Farblos

Farblos

Nur um nachts etwas in der Hand zu haben gegen das drohende Gefühl, dass er eigentlich gar nichts über sie weiß. Dass sie irgendwann einfach weg sein könnte, ganz plötzlich, einfach so.

von Greta Kluge

Jede Nacht aufs Neue malt er Bilder. Von ihr.

„Was denkt sie, wenn sie aufwacht?“ fragte er sich, ihren nackten Rücken auf dem zerknüllten Laken mit Blicken abtastend. Die Haare in alle Richtungen abstehend, verknotet, zerwühlt. „Woran denkt sie, wenn sie einschläft?“ fragte er sich, ohne die geringste Ahnung zu haben, was in ihr vorgeht, wenn er zuhört, wie ihr Atem in den langen Sommernächten ruhiger und gleichmäßiger wird. „Wohin geht sie, wenn sie träumt?“, fragte er sich, den Weg nicht kennend. Aber er stellt es sich vor, weil der Gedanke das alles nicht zu wissen ihn verzweifeln lässt.

Er rennt weg vor der Unwissenheit über ihre Vergangenheit und über ihre Zukunft, indem er zum Künstler wird. Jede Nacht aufs Neue malt er Bilder. Riesig, farbenfroh mit goldenen Rahmen oder trübe, vor Dramatik triefende Leinwände. Er malt, um sich nicht selbst dabei zusehen zu müssen, wie er planlos neben ihr liegt. Neben ihr, die eine Geschichte, ein Leben hat, von dem er nichts weiß.

Er verfolgt sie tagsüber mit seinen Blicken, schaut ihr tief in die Augen, um sie zu ergründen. Nur um nachts etwas in der Hand zu haben gegen das drohende Gefühl, dass er eigentlich gar nichts über sie weiß. Dass sie irgendwann einfach weg sein könnte, ganz plötzlich, einfach so.

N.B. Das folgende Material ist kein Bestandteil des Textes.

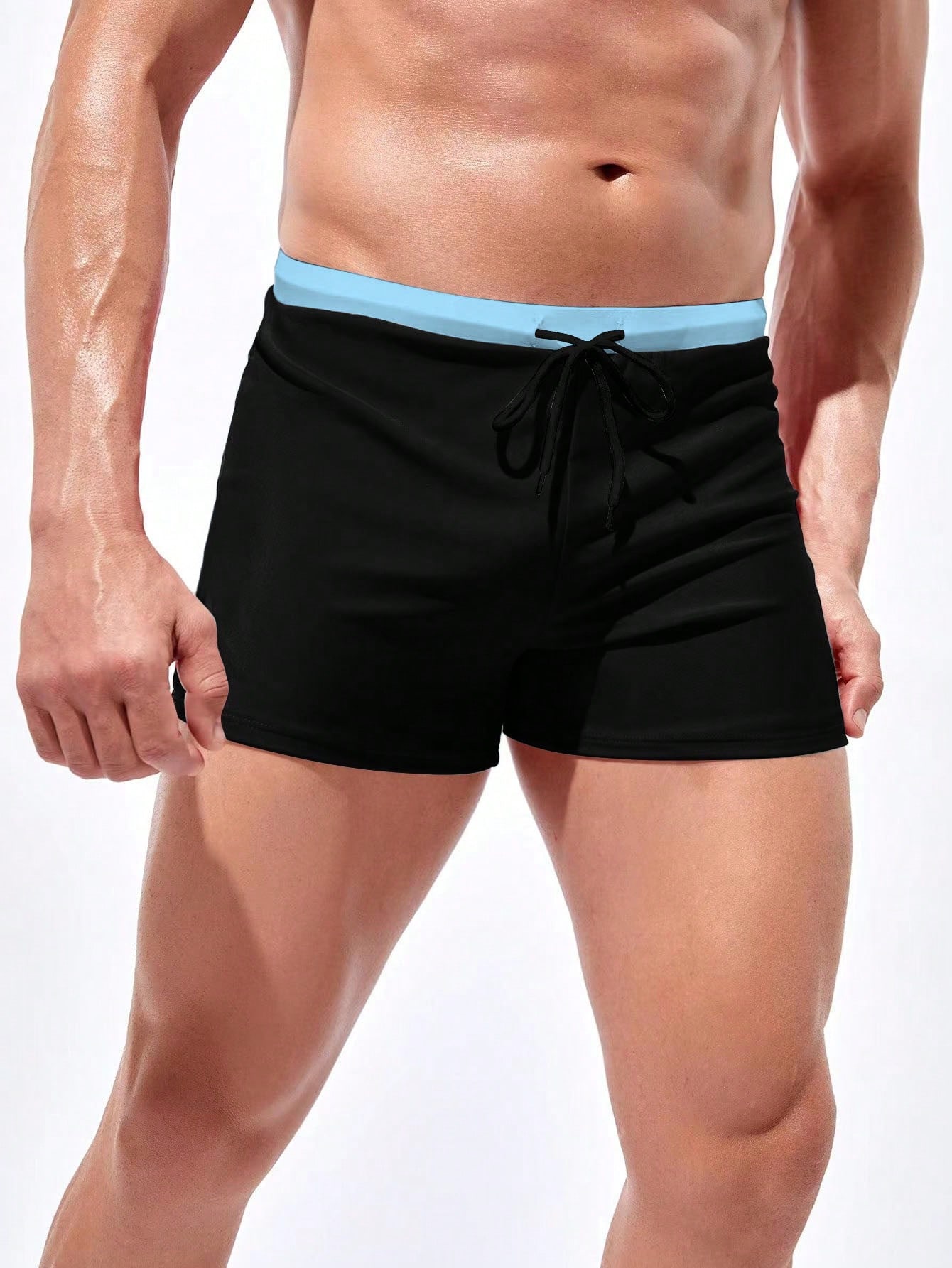 Men Swim Shorts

Eine ganze Galerie hat er in seinem Kopf, eine Ausstellung nur über sie, nur für ihn bestimmt. Er wandelt durch die Gänge, schaut sich stolz, aber ratlos die Bilder an und ist froh, dass nur er jeden einzelnen Pinselstrich kennt, weil sie dann vollkommen ihm gehört. Weil er sich einbildet, dass er einen Teil von ihr in sich behütet, von dem nur er weiß.

Und auf einmal, da schluchzt sie im Schlaf neben ihm, ein gottloses, heimatloses, verlorenes Schluchzen. Sie flüstert seinen Namen, sie wispert er solle nicht gehen, „lass mich nicht zurück, lass mich nicht allein“.

Und mit einem Schlag, da verstaubt seine Galerie. Der Schmerz in ihrer Stimme, ihre Angst nimmt ihm seine Verzweiflung. Und seine Phantasie. Er braucht die Kunst nicht mehr. Er weiß, dass sie ihn braucht. Ihre Vulnerabilität bringt seine zum Erlöschen. Er kann sich drauf verlassen, dass sie sich ihre Zukunft mit ihm ausmalt. Er brauch seine Pinsel dafür nicht mehr in Farbe zu tauchen. Die Bilder in seinem Kopf verblassen, die Farben werden unattraktiv. Sie wird unattraktiv. Er will sie nicht mehr.